Observation is essential to Lecoq's way of working, says Baur. "It's an awakening of the senses, you have to observe and, above all, analyze the body." When she stages a play, she involves the actors. "I give the actors keys for access and work out the characters and individual movements with them," she explains her approach.
"The Miser" at the Geneva banking center
One example of this is her production of Molière's "L'Avare" ("The Miser") at the Comédie-Française in Paris. Baur has been working there regularly since 2010. "L'Avare" from 1668 was revived there in 2022 to mark the 400th anniversary of the birth of the influential French playwright and actor and is on the program for the 2024/25 season.
"When I read the play again, I said to myself: this is so topical," says Baur. In her interpretation, the main character Harpagon is "a Swiss banker after the Second World War who is obsessed with his casket hidden in the garden", the theater writes on its website. "I immediately thought of Geneva, because that's where money from all over the world is kept," says Baur.
She was born in Muri in Aargau in 1958. She made her career mainly abroad, first as an actress and since the turn of the millennium mainly as a director. However, she also continues to stage plays in Switzerland.
From 1998 to 2000, she was a member of the ensemble of the renowned London theater group Théâtre de Complicité, with which she received several international awards, including for her leading role in "The Three Lives of Lucie Cabrol" (1994). The play also made a guest appearance in Zurich at the Theaterhaus Gessnerallee.
Immediate theater at the Globe
In London, she also left her mark at the Globe Theatre, with roles in "The Honest Whore" and "The Merchant of Venice" (both 1998), or with Peter Brook as Gertrude in Shakespeare's "Hamlet" (2002/03). The Globe is a theater building from Shakespeare's time with an open-air stage and, as was customary at the time, close proximity to the audience. "There was always interaction with the audience," enthuses Lilo Baur. "It's a very immediate and direct theater, a bit like commedia dell'arte."
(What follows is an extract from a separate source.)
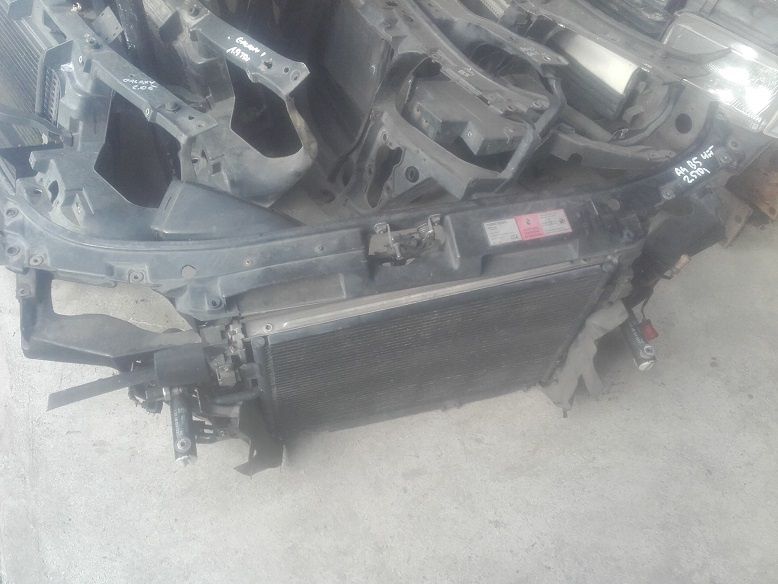 Audi A4 B5 2.5 tdi LIFT - pas przedni wzmocnienie czołowe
However, Baur has not only taken on roles for the theater stage, but also in films, for example in "Vollmond" (1998) by Fredi Murer. In 2004, she made a cameo appearance in "Bridget Jones". She also appeared in the BBC's Charles Dickens adaptation "Bleak House" (2005).
The switch from acting to directing was a turning point in Baur's life. In 2003, she received a request from Greece. She was to work with the theater director Thomas Moschopoulos. She accepted the offer.
Since then, she has worked primarily as a director and has staged countless plays, such as "Grimm's Fairy Tales" (2009) in Athens, "33 svenimenti" (2008) by Chekhov in Rome and "Fish Love" (2008) based on Chekhov, which was co-produced by the Théâtre de Vidy in Lausanne.
Opera leaves less freedom
In addition to acting, she also stages operas such as "Dido and Aeneas" (2011) by the English baroque composer Henri Purcell and the modern work "Ariane et Barbe Bleu" (2012) by Paul Dukas, both in Dijon. She performed the late romantic "Lakmé" by Léo Delibes at the Opéra de Lausanne in 2013 and the opera "Le Pétit Prince" by Michaël Levinas from 1949 there in 2014.
On the difference between drama and opera, she says that opera leaves less freedom. The score dictates the rhythm. But one thing remains the same: "Whether it's theater or opera, I always start with improvisations with the actors". She also often involves dancers, who emphasize the physical and rhythmic dimension of the performance: "I have great respect for the music, I find it very important and think it drives the whole stage action."
The Federal Office of Culture is now honoring this diverse work with the Grand Prix of the Performing Arts / Hans Reinhart Ring. Baur is "a little surprised, I wasn't expecting it."
The award ceremony will take place on October 31 at the Theater Casino Zug. Federal Councillor Ignazio Cassis will be in attendance. The prize is endowed with CHF 100,000 and is considered the most prestigious Swiss theater prize.